1. En premier lieu, l'évangile s'annonce toujours à partir de la loi, en fonction d'elle et en contradiction avec elle. On ne peut énoncer, formuler l'évangile que par rapport à une loi. Il ne prend son sens et sa portée véritables que dans son opposition avec elle. Il en résulte qu'une personne religieuse se trouve plus proche de la vérité (elle a plus conscience de sa précarité) et plus disponible pour la prédication de l'évangile qu'une personne irréligieuse ou séculière qui a tué en elle les questions existentielles fondamentales. Dans un sermon, Bultmann affirme : « l'homme qui ne construit plus d'autel au Dieu inconnu n'adorera pas non plus le Dieu révélé »* . Paul a donc raison de louer les athéniens pour leur piété. Elle les oppose, certes, à l'évangile, mais en même temps elle fournit un point d'ancrage où la prédication chrétienne peut s'accrocher. Au contraire, les barthiens (mais pas Barth lui-même) ont tendance à penser que l'athée se trouve plus proche de Dieu que le religieux.
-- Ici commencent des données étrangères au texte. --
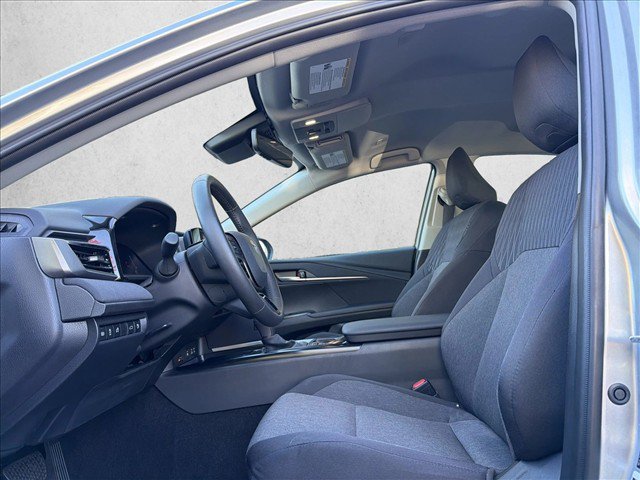Used 2026 Toyota Camry LE w/ Convenience Package FWD image 11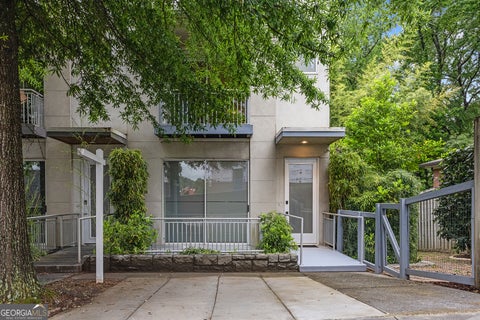 Photo of 1590 Tallulah Street NW, Atlanta, GA 30318 (MLS # 10810816)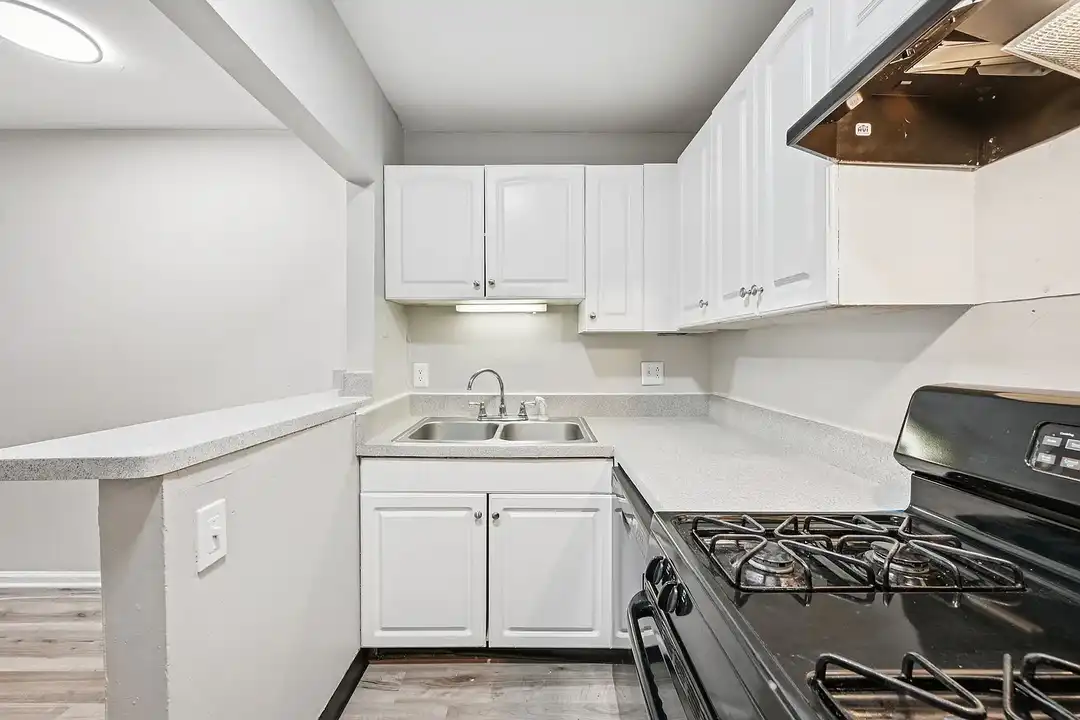 Flats on Tamarack – photo 1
2. En second lieu, pour les israélites, puis pour les judéo-chrétiens, l'Ancien Testament représente, incarne la loi. La loi peut parfaitement prendre d'autres formes. On peut considérer que le stoïcisme a été la loi (et donc l'équivalent de l’Ancien Testament) de nombreux pagano-chrétiens, que l'humanisme idéaliste est la loi (et donc l'équivalent de l'Ancien Testament) pour les chrétiens européens du début du vingtième siècle. En prolongeant, on pourrait se demander, ce que Bultmann ne fait pas, si leurs religions ancestrales ne constituent pas pour les africains chrétiens leur Ancien Testament. Ainsi, Bultmann à la fois valorise théologiquement les religions (elles ont une importance et une fonction comparables à celles de l'Ancien Testament), et les subordonne fortement à l'évangile qui, en même temps, les exauce et les contredit.
Conclusion
J'ai noté, en commençant, qu'à certains égards Bultmann relève de l'exclusivisme. En effet, pas un instant, il n'envisage qu'il puisse y avoir une révélation divine positive dans les religions. Elles témoignent de l'absence ou du besoin de Dieu et non de sa présence et de son action. Leur vérité se rapporte à l'être humain, non à Dieu. Bultmann se situe, il le souligne souvent, dans la filiation de Luther. Il reprend et actualise la position du Réformateur allemand, qui voit dans toutes les religions des expressions de la loi.
Pourtant, Bultmann a, en même temps, une démarche de type inclusiviste. En effet, par sa conception paradoxale et dialectique de la loi, il donne aux religions une valeur propédeutique. Elles constituent une préparation à l'évangile; toutefois cette préparation reste négative. Les religions ne donne pas une base, elles font apparaître un manque. Elles offrent un point d’attache à l'évangile précisément en s'y opposant.
Bultmann ne pense évidemment pas à un dialogue entre les religions, mais à une prédication évangélique qui partirait de la forme de la loi que connaissent ses auditeurs, une prédication qui à la fois s'appuierait sur leur religion et la combattrait.
La force de Bultmann réside dans son analyse de l'existence humaine; sa faiblesse me semble venir d'une méconnaissance concrète des religions. Elles sont un peu trop sous sa plume des abstractions et des constructions de l'esprit.